Norfolk Southern Railway Company ordered by U.S. Department of Labor to pay more than $300,000 for Violating Federal Railroad Safety Act. The U.S. Department of Labor has found that, once again, the company has violated the whistleblower protection provisions of the Federal Railroad Safety Act. An investigation by the department's Occupational Safety and Health Administration revealed that the railroad terminated an employee in retaliation for reporting a workplace injury.

The department has ordered the company to pay the affected employee more than $300,000 in damages, including $200,000 in punitive damages, $75,000 in compensatory damages and $25,123.40 in attorney's fees. Additionally, the company must expunge the disciplinary record of the employee as well as post a notice regarding employees whistleblower protection rights under the FRSA and provide training to its employees about these rights. These actions follows several other orders issued by the department to Norfolk Southern Railway Co.

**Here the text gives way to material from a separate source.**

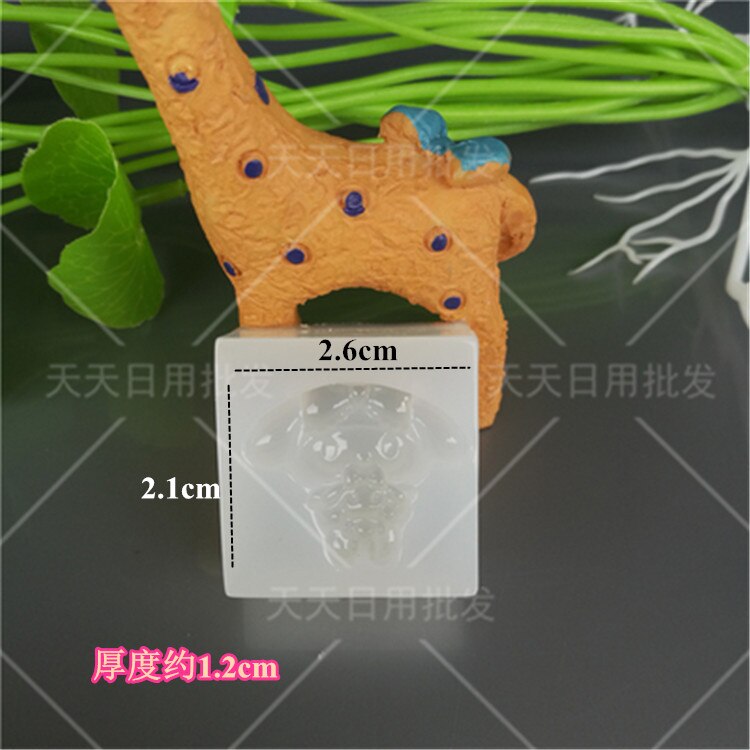 Aniaml bjørn kanin gris silikone form kage dekoration slik forme polymer ler håndværk epoxy harpiks vedhæng smykker fremstilling: 3622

in the past year. OSHA's investigations have found that the company continues to retaliate against workers for reporting work-related injuries, which effectively has created a chilling effect in the railroad industry. The Chattanooga-based employee in this case reported an injury when he hit his hard hat against a horizontal support beam.

After conducting an investigative hearing, the railroad charged the employee with falsifying his injury and subsequently terminated him on Oct. 8, 2010. The employee appealed, and a Public Law Board upheld the railroad's decision while reducing the termination to a suspension with no back pay.

OSHA found that the railroad's investigative hearing was severely flawed and orchestrated to intentionally support management's decision to terminate the employee. Either party to this case can file an appeal to the Labor Department's Office of Administrative Law Judges. OSHA and the U.S. Department of Transportation's Federal Railroad Administration have signed a memorandum of agreement to facilitate coordination and cooperation between agencies regarding the enforcement of the FRSA's whistleblower provisions.

The act protects railroad employees from retaliation when they report safety violations, or work-related personal injuries or illnesses.